Each record below is to be output unchanged, and any picture is to be dropped.

Web page caption snippets:
· · ·
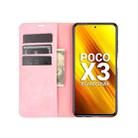 For Xiaomi Poco X3/X3 NFC Retro-skin Business Magnetic Suction Leather Case with Holder & Card Slots & Wallet(Pink) - 3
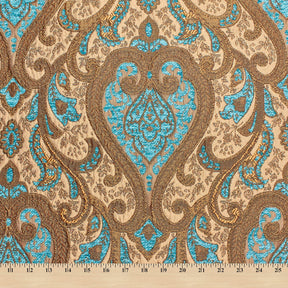 Spade Damask Chenille Upholster Brocade Jacquard Fabric SV579879 Beige / Turquoise 4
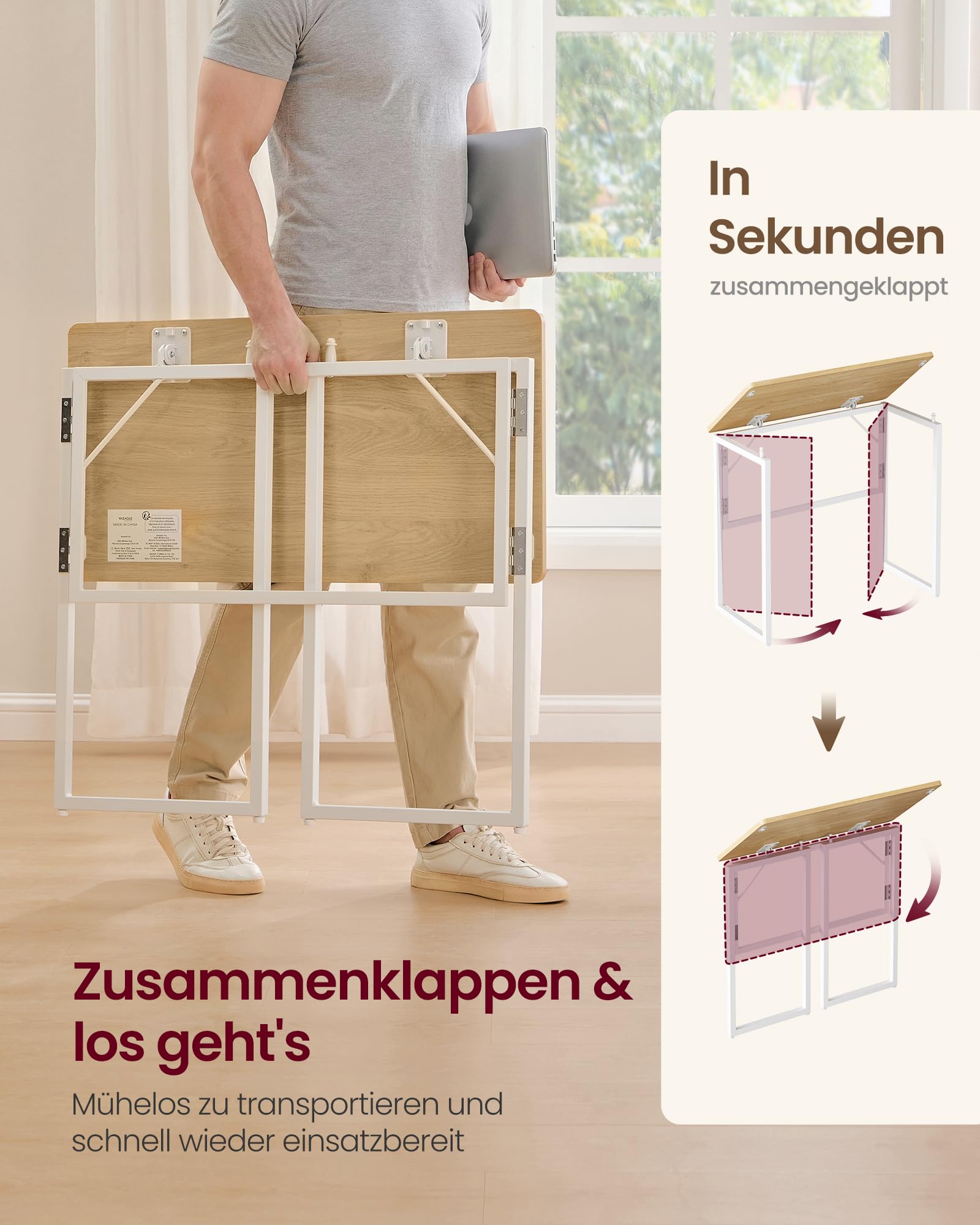 VASAGLE Klapptisch klappbarer Computertisch 80 x 40 cm natureichenfarben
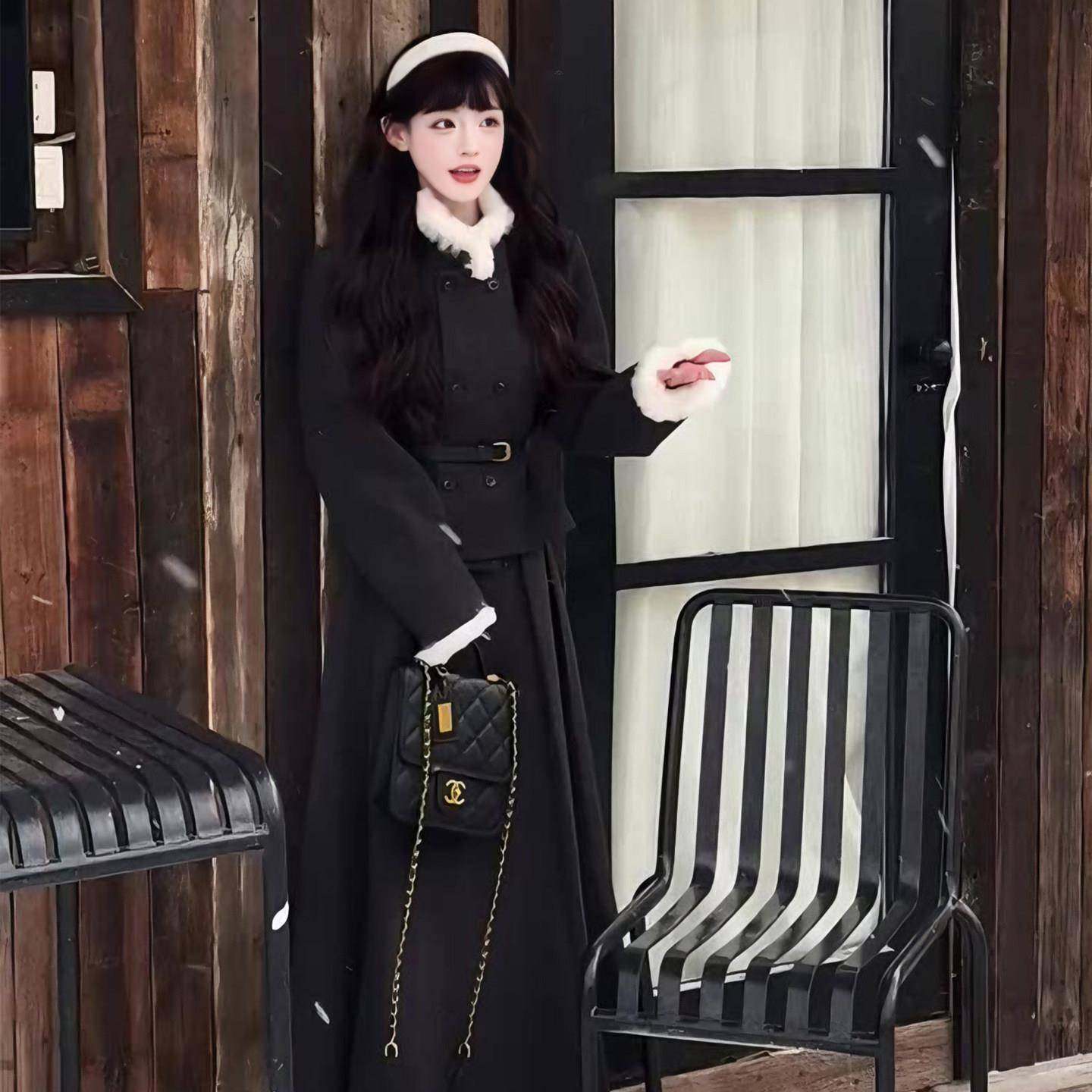 韩系富家千金小香风黑色毛呢子外套女秋冬高腰半身长裙子两件套装,淘宝优惠券,粉丝福利购,淘宝优惠卷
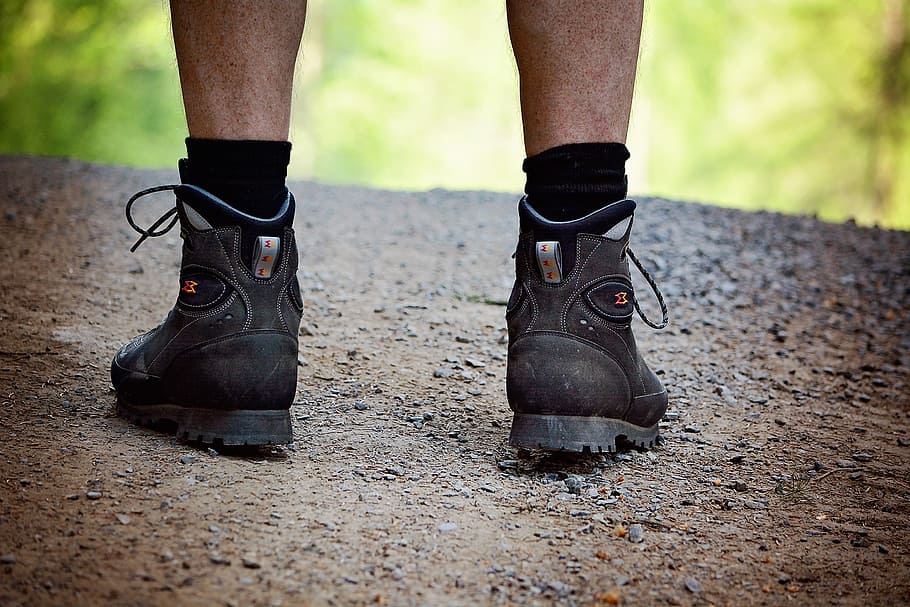 person, wearing, black, leather, hiking, boots, shoes, hiking shoes, man feet, man legs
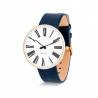 Arne Jacobsen Roman Watch White Dial, Gold Case, Blue Leather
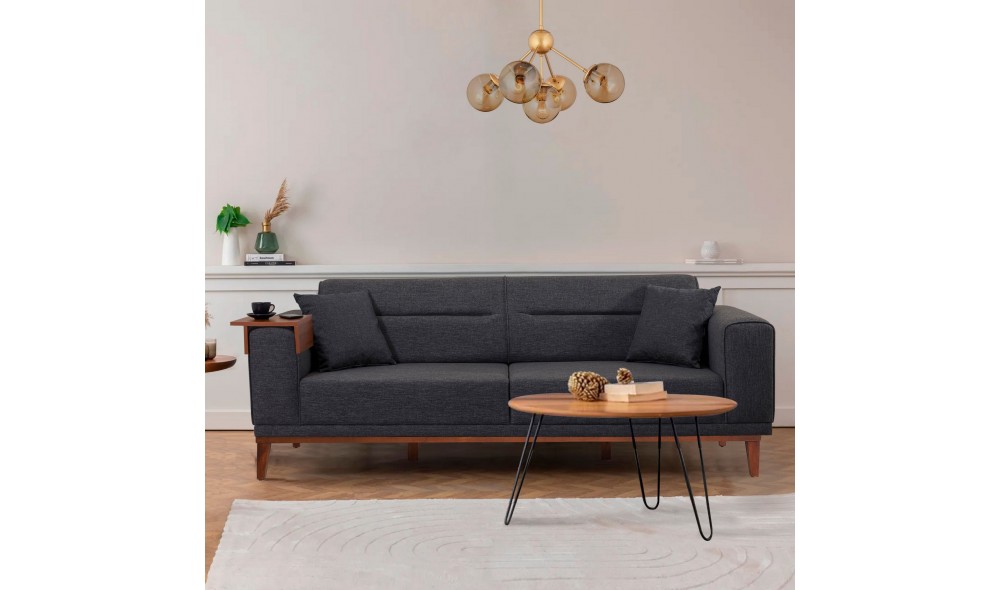 Canapea extensibila cu 3 locuri, Liones - Antracit, 223 x 82 x 94 cm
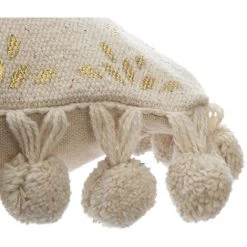 Atmosphera - Coussin Déhoussable Brillant Avec Pompons 40 X 40 Cm - Beige / Doré -France Coussin et housse de coussin Soldes Boutique 14947042 3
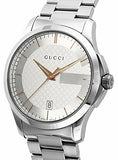 Gucci G Timeless Silver Dial Silver Steel Strap Unisex Watch - YA126442 Authentic Buy Shop Now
· · ·
## Task output
 For Xiaomi Poco X3/X3 NFC Retro-skin Business Magnetic Suction Leather Case with Holder & Card Slots & Wallet(Pink) - 3
 Spade Damask Chenille Upholster Brocade Jacquard Fabric SV579879 Beige / Turquoise 4
 VASAGLE Klapptisch klappbarer Computertisch 80 x 40 cm natureichenfarben
 韩系富家千金小香风黑色毛呢子外套女秋冬高腰半身长裙子两件套装,淘宝优惠券,粉丝福利购,淘宝优惠卷
 person, wearing, black, leather, hiking, boots, shoes, hiking shoes, man feet, man legs
 Arne Jacobsen Roman Watch White Dial, Gold Case, Blue Leather
 Canapea extensibila cu 3 locuri, Liones - Antracit, 223 x 82 x 94 cm
 Atmosphera - Coussin Déhoussable Brillant Avec Pompons 40 X 40 Cm - Beige / Doré -France Coussin et housse de coussin Soldes Boutique 14947042 3
 Gucci G Timeless Silver Dial Silver Steel Strap Unisex Watch - YA126442 Authentic Buy Shop Now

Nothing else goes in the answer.